An ionic compound has a very negative \(\Delta H_{\text {soln }}\) in water. (a) Would you expect it to be very soluble or nearly insoluble in water? (b) Which term would you expect to be the largest negative number: \(\Delta H_{\text {solvent }} \Delta H_{\text {solute }}\) or \(\Delta H_{\text {mix }}\) ?

Short Answer

Expert verified
(a) The ionic compound would be very soluble in water due to its very negative $\Delta H_{soln}$. (b) The largest negative number among the enthalpy terms is expected to be $\Delta H_{mix}$.

Step by step solution

01

Understand the relationship between ∆H_soln and solubility

The enthalpy of solution is the change in enthalpy when a solute dissolves in a solvent. A negative ∆H_soln indicates that the dissolution process is exothermic, which means that energy is released when the solute dissolves in the solvent. In general, an exothermic dissolution process (with a negative ∆H_soln) is more likely to result in a highly soluble compound because the release of energy favors the formation of a solution.
02

Analyze the solubility of the ionic compound

Based on the negative ∆H_soln given, we can infer that the ionic compound is likely to be very soluble in water.

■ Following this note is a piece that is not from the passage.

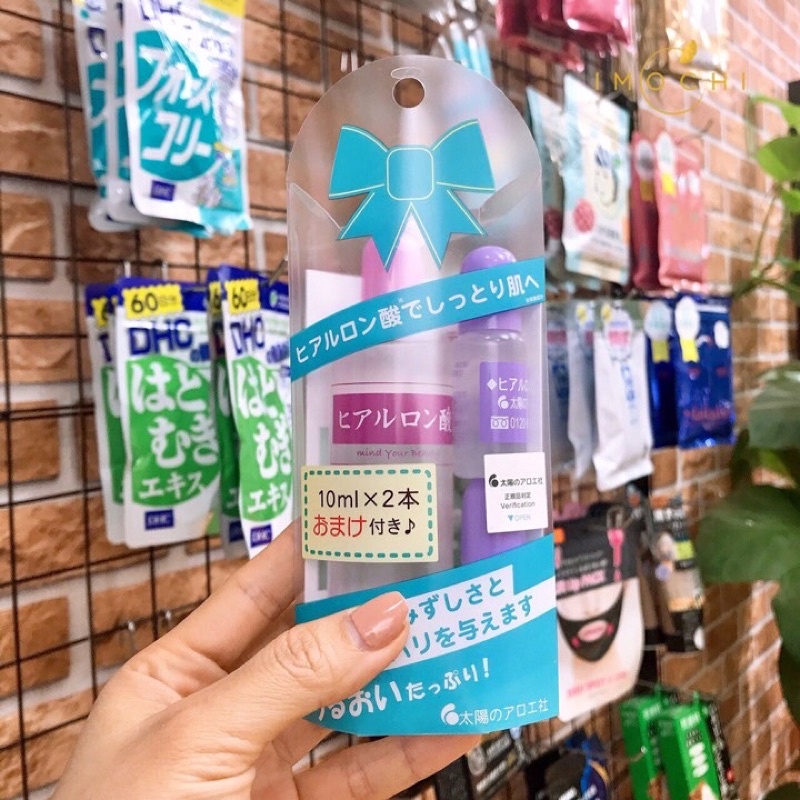 Serum Hyaluronic Acid nguyên chất 80ml  nhật bản taiyo_vn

This is because the dissolving process is exothermic, releasing energy and favoring the formation of a solution.
03

Understand the relationship between ∆H_solvent, ∆H_solute, and ∆H_mix

The enthalpy of solution (∆H_soln) can be calculated using the equation: \[∆H_{soln} = ∆H_{solvent} + ∆H_{solute} + ∆H_{mix}\] Where ∆H_solvent is the enthalpy change associated with breaking the intermolecular attractions in the solvent (usually endothermic), ∆H_solute is the enthalpy change associated with breaking the intermolecular attractions in the solute (usually endothermic), and ∆H_mix is the enthalpy change associated with the formation of new intermolecular attractions between the solute and solvent (usually exothermic).
04

Determine the largest negative term

Since the overall ∆H_soln is very negative (meaning highly exothermic), it implies that the sum of the exothermic term, ∆H_mix, and the endothermic terms, ∆H_solvent and ∆H_solute, must be very negative. Among the endothermic terms, ∆H_mix is expected to be large in magnitude to make the overall ∆H_soln very negative. Therefore, we expect ∆H_mix to be the largest negative number. Putting it all together: (a) The ionic compound is expected to be very soluble in water due to its very negative ∆H_soln. (b) The largest negative number among the enthalpy terms is expected to be ∆H_mix.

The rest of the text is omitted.